Related Work & Insights¶
- Training-free Sparsity (InfLLM, MInference, StreamingLLM): Relies on inherent attention sparsity for inference speedup, but sparsity levels and acceleration are limited—InfLLM-V2 is the trainable upgrade of InfLLM.
- Trainable Sparsity (NSA, MoBA, SeerAttention): Incorporates sparsity into training. MoBA/SeerAttention only accelerate prefill; NSA accelerates both but with high parameter overhead. InfLLM-V2 balances both with zero extra parameters.
- Hardware-Friendly Attention (FlashAttention): InfLLM-V2's Fused Head Group Summation directly borrows the SRAM/online-softmax insight.

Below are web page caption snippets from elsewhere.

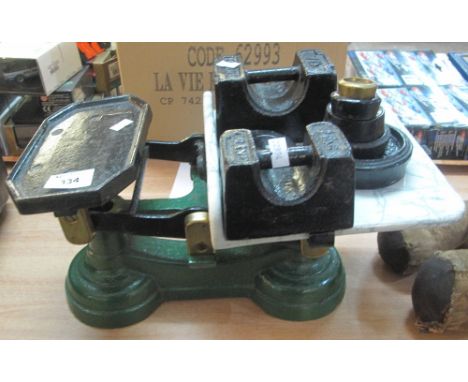 Vintage painted shop scales with weights and marble top marked: J.D. Jewitt and Son, Emlyn Street, Newport.(B.P. 24% incl. VA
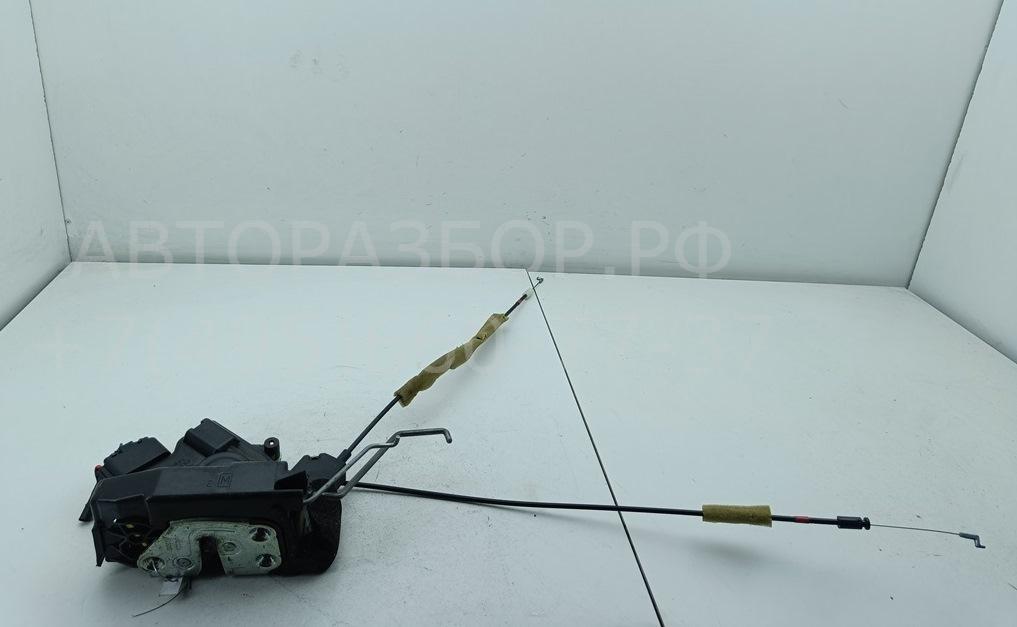 Замок двери передней левой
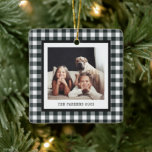 Ornamento De Cerâmica Máquina de Digitalização Moderna | Duas fotos em B<br><div class="desc">Esta placa simples e na moda apresenta seu nome, ano ou qualquer outra frase pessoal em texto de máquina de escrever, com duas de suas fotos pessoais favoritas. O fundo é decorado com um padrão de gingham preto. Você pode facilmente mudar o texto para torná-lo especial para uma avó ou...</div>
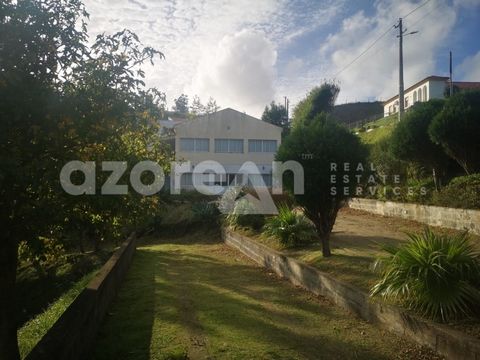 This warehouse, located in the picturesque Lomba do Cavaleiro, parish of Povoação, offers a vast area of 428m², integrated in an extensive plot of 4180m². With an infrastructure designed for holding events and parties, the space has a kitchen, bathro...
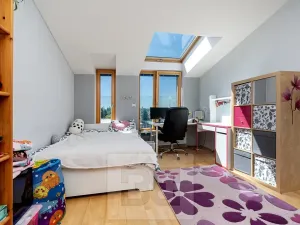 Prodej bytu 4+kk, Průhonice, Uhříněveská, 135 m2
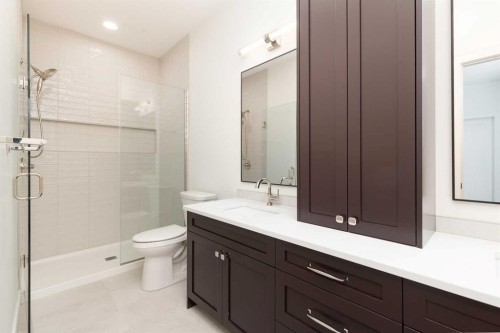 561 Malahat Green West, Lethbridge, AB - Indoor Photo Showing Bathroom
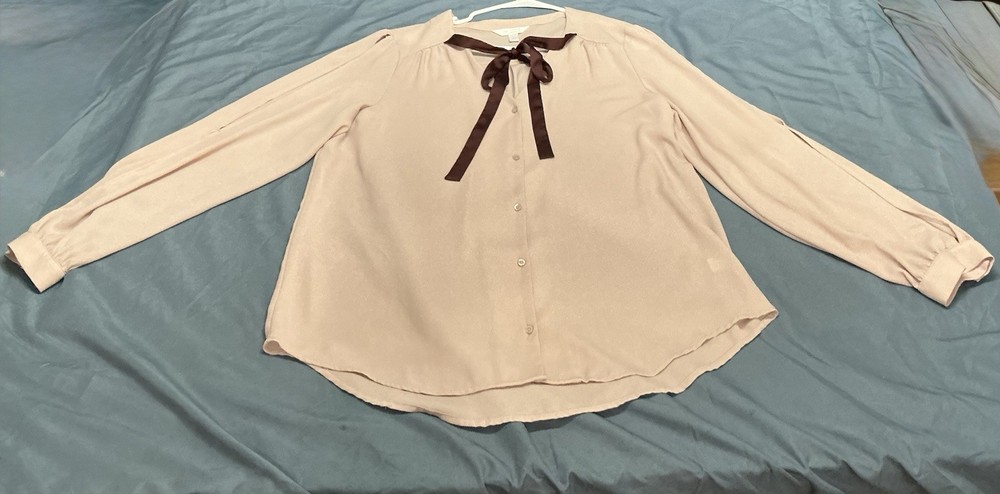 Lauren Conrad Long Sleeve Blouse rose color with burgundy￼ Bow Accent Size L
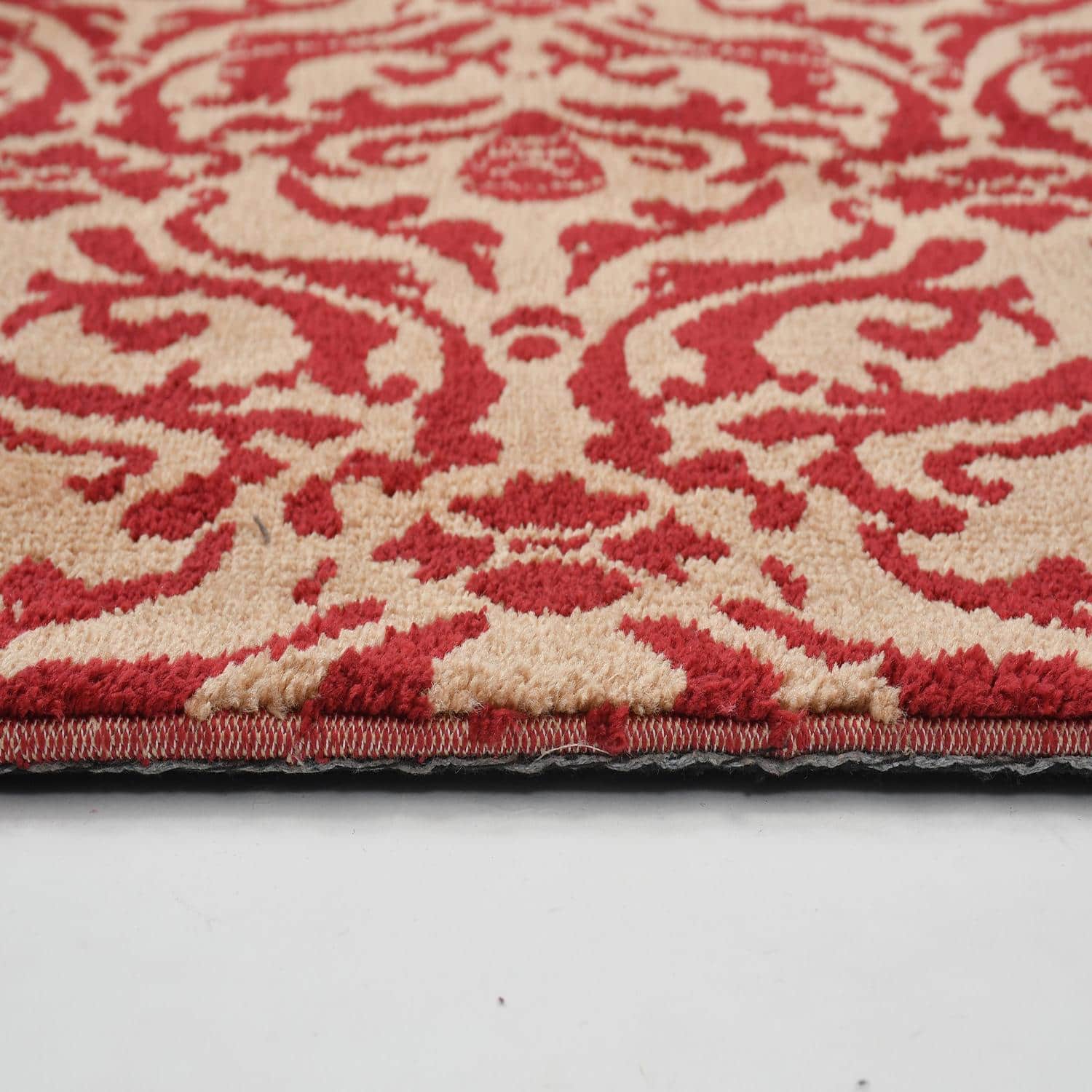 Multicolor Traditional Machine Made Polyester 6 X 9 Feet Carpet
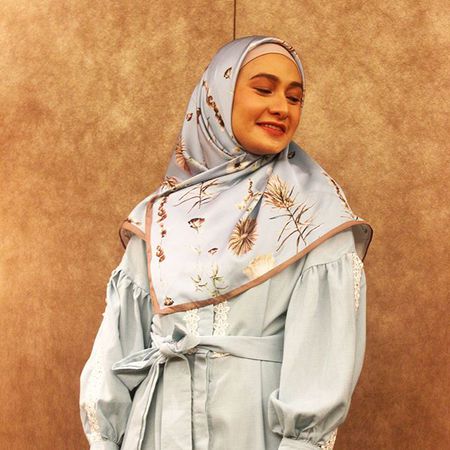 Inspirasi Ramadan Deretan Seleb Peragakan Busana Karya Luna Maya Kapanlagi Com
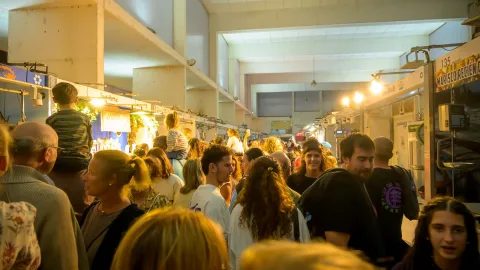 Imagen de la noticia: Estos son los puestos premiados de Tosantos en los mercados de Cádiz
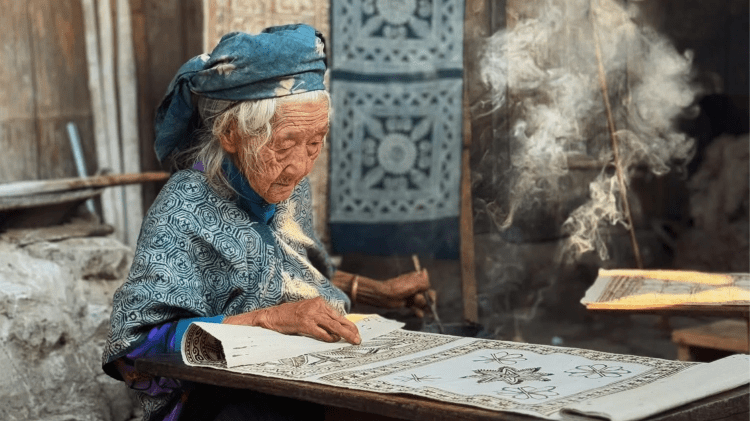 Elderly Vietnamese artisan wins hearts online with simple&nbsp;‘hello’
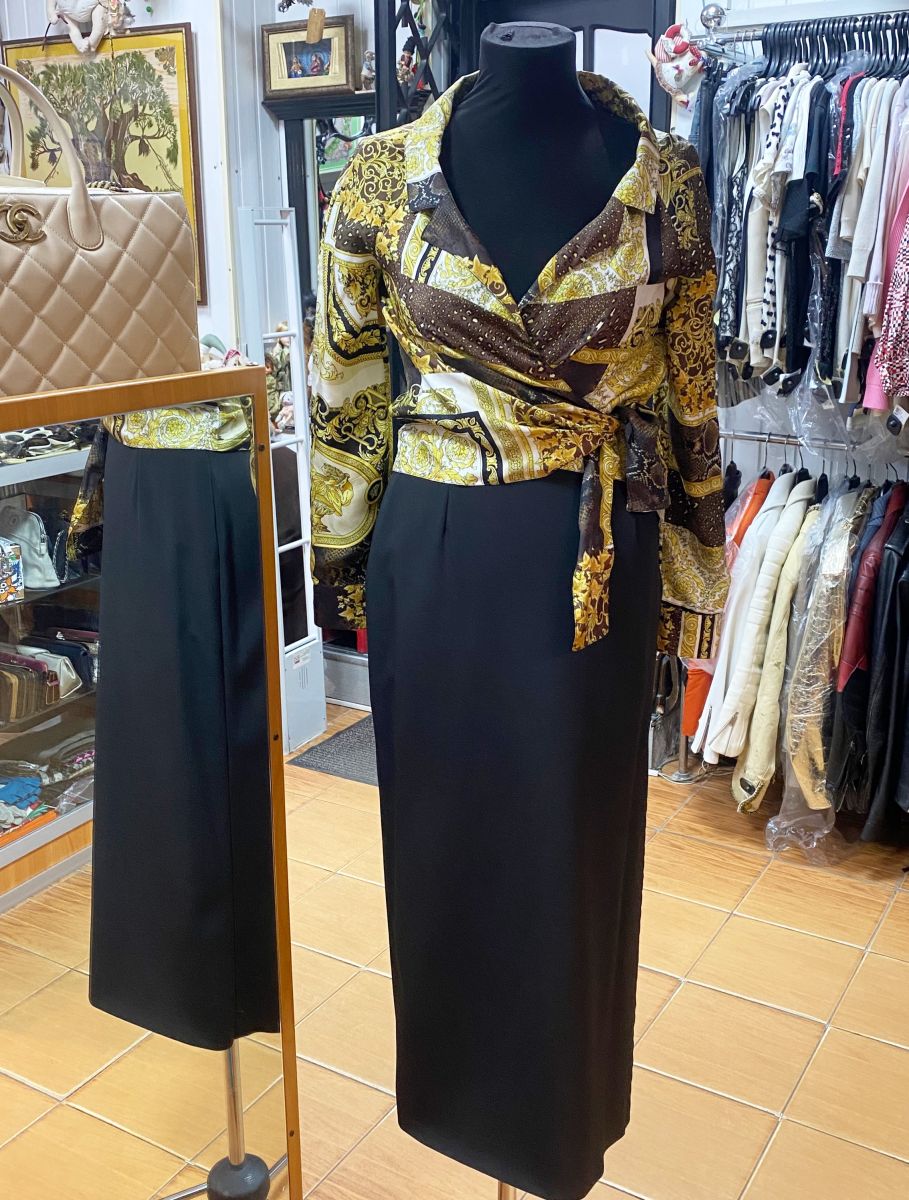 Блузка Versace размер 36 цена 15 655 руб
Юбка Dolce Gabbana размер 42 цена 10 959 руб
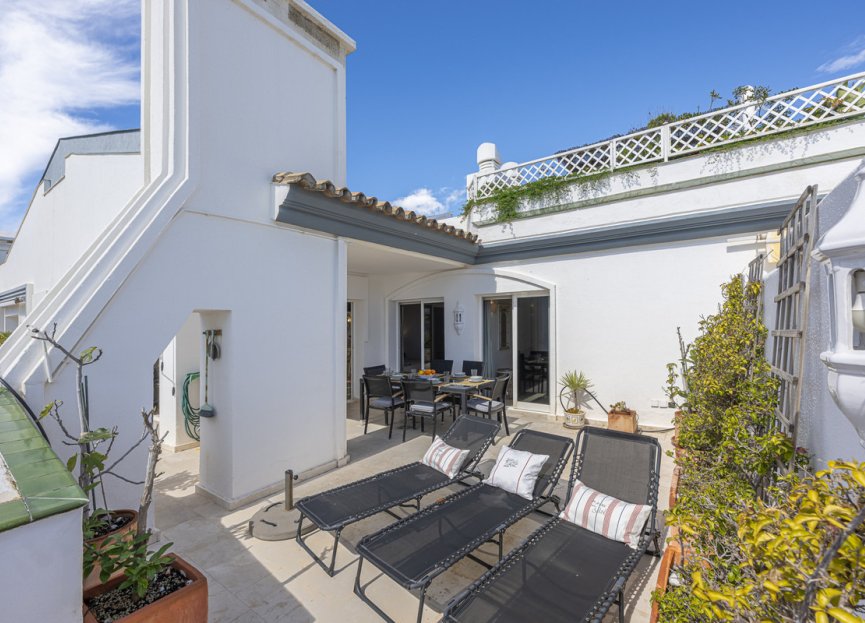 Resale - Apartment - Penthouse - Estepona - Estepona Centro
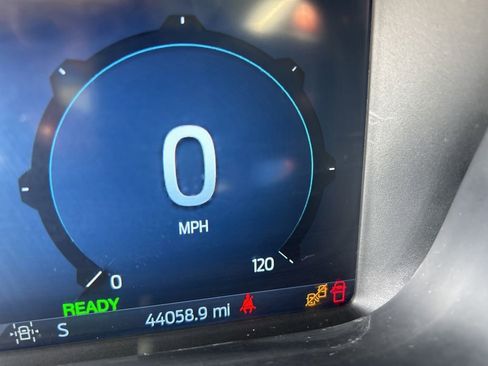 Used 2024 Ford F150 XLT w/ Mobile Office Package image 48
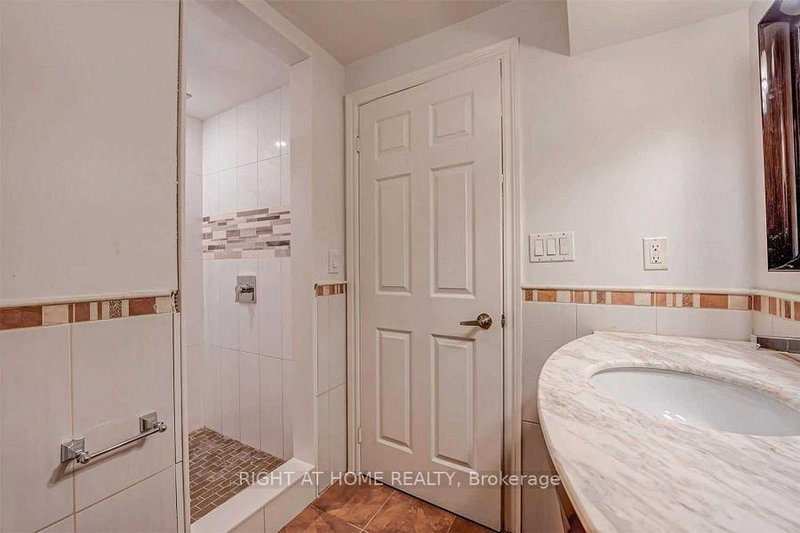4326 Bridlepath Mississauga,ON L5L 3K4 — Photo 33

- Insight: When embedding a new module into an existing training paradigm, the "alignment with existing weights/workflow" often determines success more than "module strength"; think about subtraction before addition.
Rating¶
- Novelty: ⭐⭐⭐⭐ — Zero extra parameters + length-based dense/sparse switching is simple yet effective; the "alignment with workflow" perspective and subtractive simplification are insightful.
- Experimental Thoroughness: ⭐⭐⭐⭐ — Covers long understanding, long reasoning, and general benchmarks; includes training curves, ablations, and efficiency on A100/4090. Scalability to longer context/larger models is slightly lacking.
- Writing Quality: ⭐⭐⭐⭐ — Clear motivation, intuitive diagrams (Fig 1-4), and a progressive methodology from architecture to kernel implementation.
- Value: ⭐⭐⭐⭐⭐ — Releases MiniCPM4.1-8B + CUDA kernel with 4× lossless acceleration; high practical value for industrial long-context model deployment.